Having these documents in place can provide peace of mind for you and your loved ones. It ensures that your wishes are known and respected, especially during challenging times. Take the time to discuss these options with your family and health care providers to create a plan that reflects your values and preferences.
Misconceptions
Here are eight common misconceptions about the Five Wishes Document form:
- It is only for the elderly. Many believe that Five Wishes is only relevant for older adults. In reality, anyone aged 18 or older can benefit from this document, regardless of age or health status.
- It is legally binding in all states. While Five Wishes is valid in most states, it does not meet the legal requirements in every state. It’s essential to verify its acceptance based on local laws.
- It replaces a will. Some think that Five Wishes serves as a substitute for a will. However, it specifically addresses health care preferences and does not cover asset distribution after death.
- It is complicated to fill out. Many assume that completing the form is difficult. In fact, Five Wishes is designed to be user-friendly, requiring only simple choices and brief explanations.
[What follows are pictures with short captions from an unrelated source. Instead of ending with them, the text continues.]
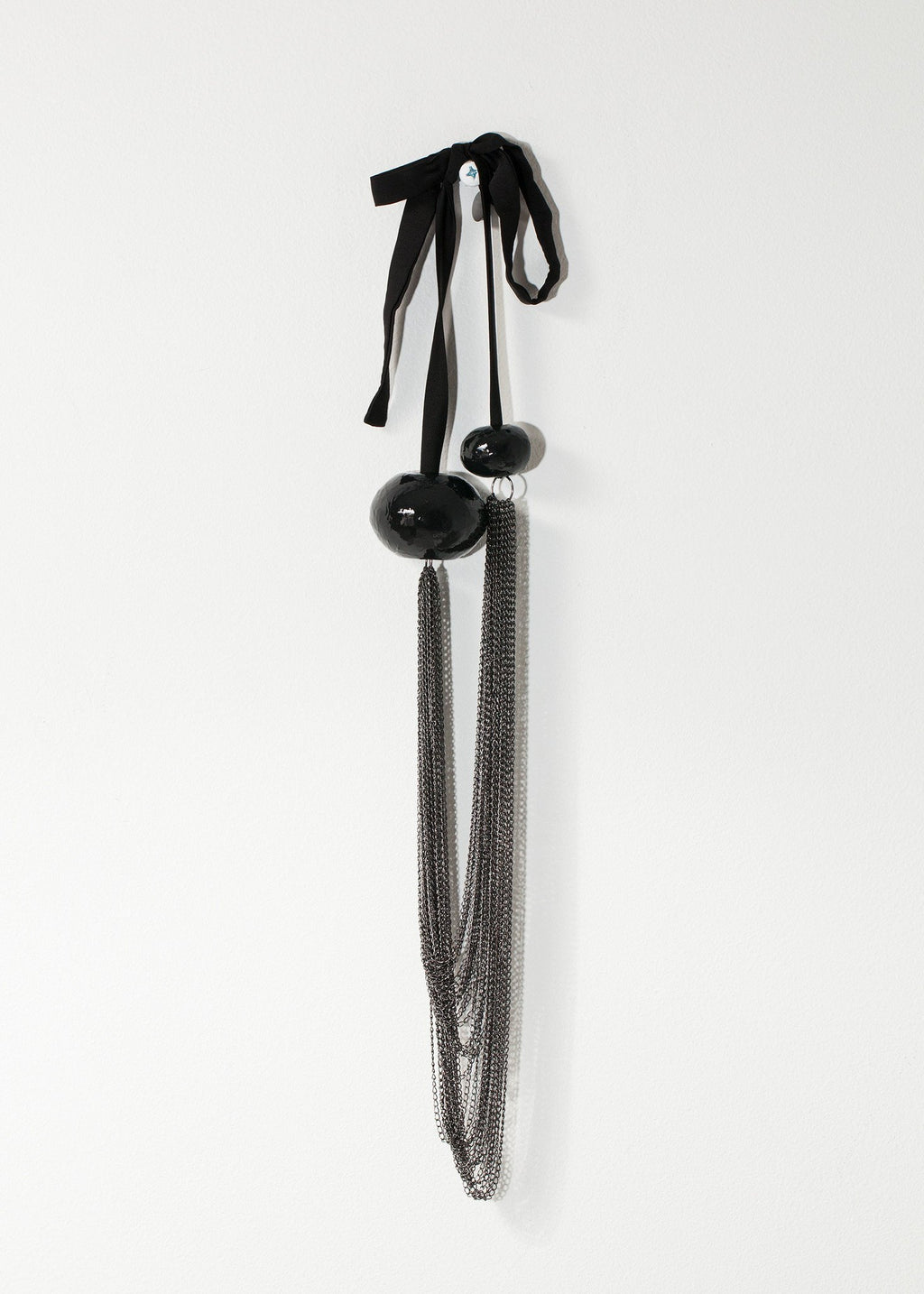 Cascade Necklace in Black|women's necklaces[option1]|[option2]|[option3] - hello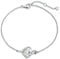 FANCIME Armband Damen 925 Sterling Silber Weiß Gold Oktober Geburtsstein Armbänder mit Weiß Opal Frauen Schmuck Geschenk für Valentinstag Verlobung Geburtstags Muttertags Weihnachten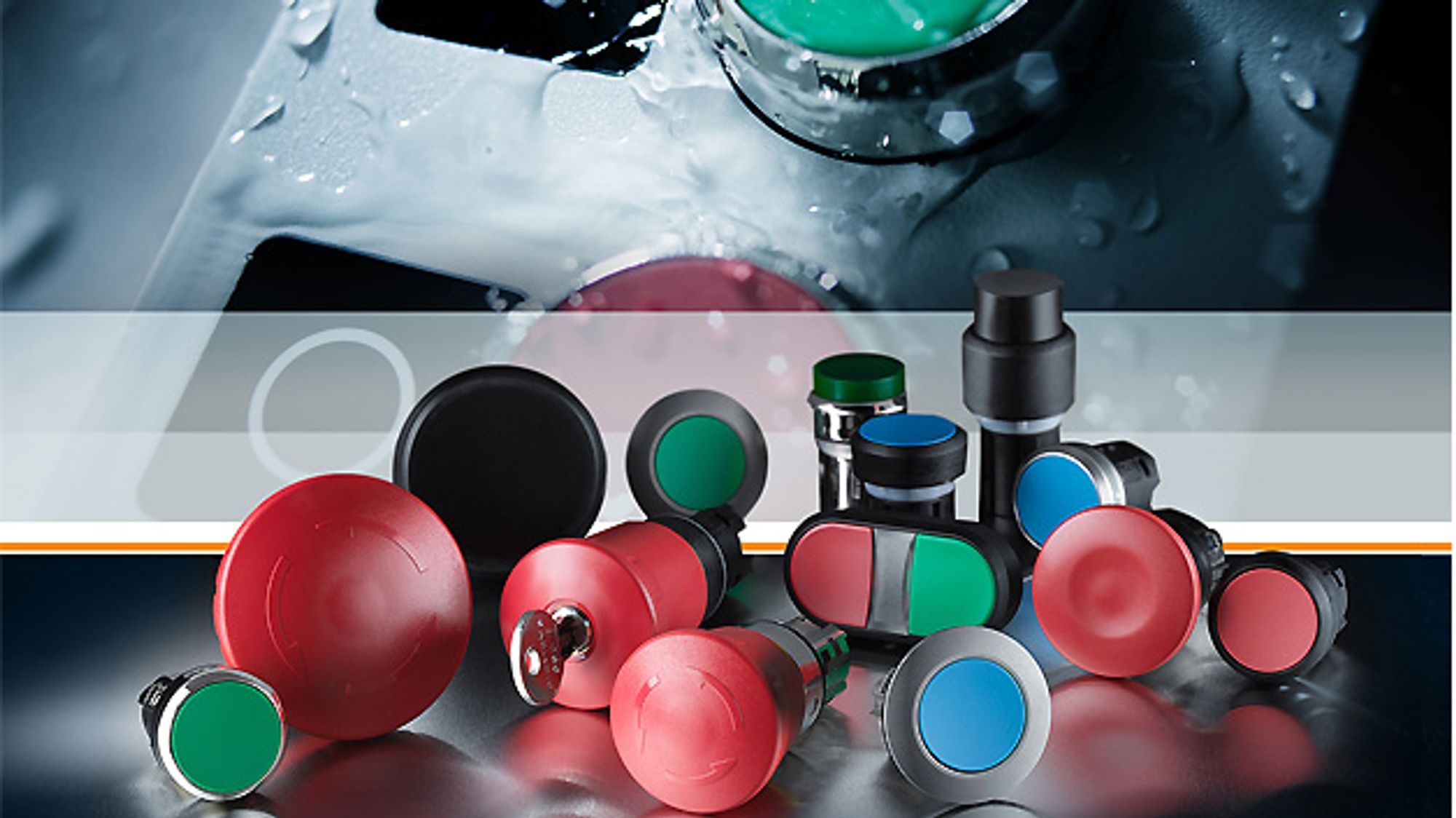Modulares System von Befehls- und Meldegeräten von Siemens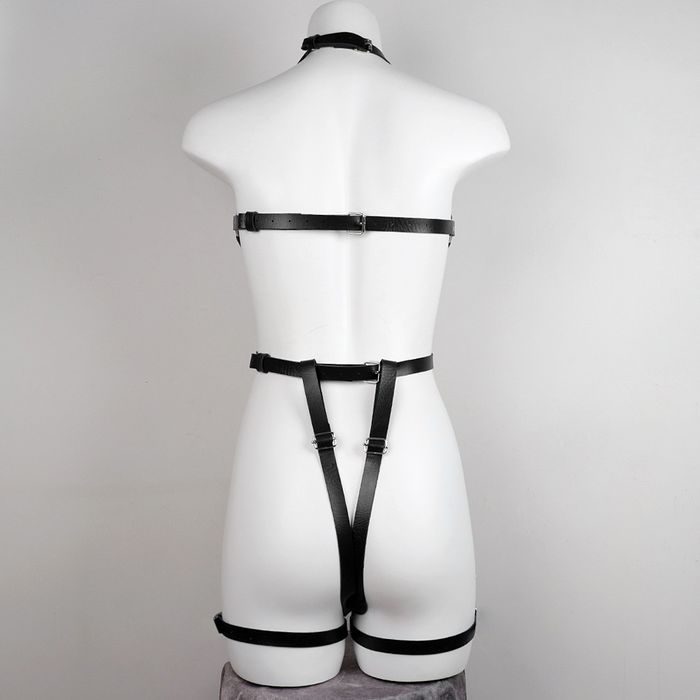 Сексуальний набір портупея та гартери + наліпки Monica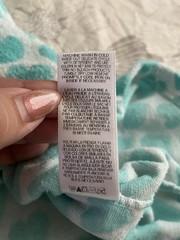 Y2k Juicy Couture Terry Cloth Mini Dress Baby Blue Hearts Tie Waist Strapless S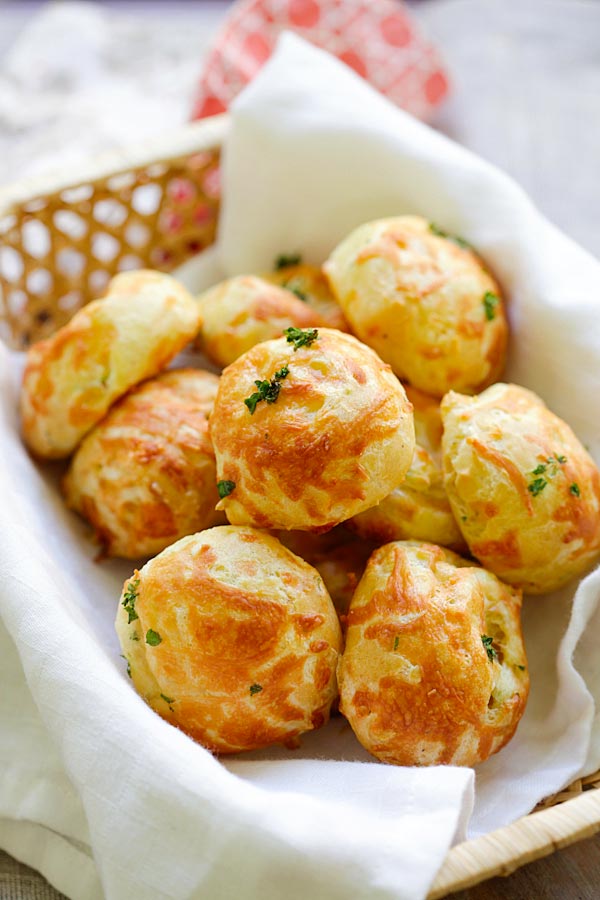 Gougères (French Cheese Puffs)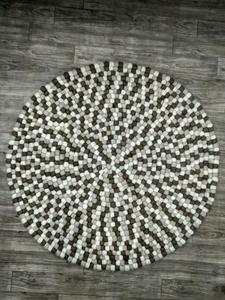 Alfombra rectangular de fieltro de lana anudada a mano hecha a mano con diseño tibetano Color personalizado - Product Image 2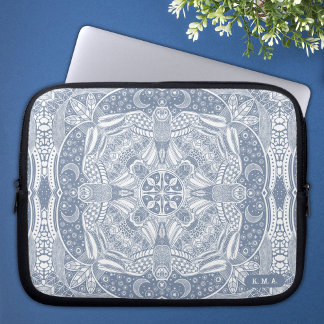 Magical Owl Mandala Laptopschutzhülle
- It only addresses medical decisions. While Five Wishes does cover medical treatment preferences, it also encompasses emotional, personal, and spiritual needs, making it a holistic approach to end-of-life care.
- Once completed, it cannot be changed. Some believe that the document is permanent once signed. In truth, individuals can revoke or modify their wishes at any time by following the proper steps.
- It is only necessary if you are terminally ill. Many think that Five Wishes is only relevant for those with terminal conditions. However, it is beneficial for anyone who wants to ensure their health care preferences are honored in any serious situation.
- Healthcare providers will automatically know your wishes. Some assume that doctors and hospitals will inherently understand a patient’s desires. Without a formal document like Five Wishes, there may be confusion or miscommunication regarding treatment preferences.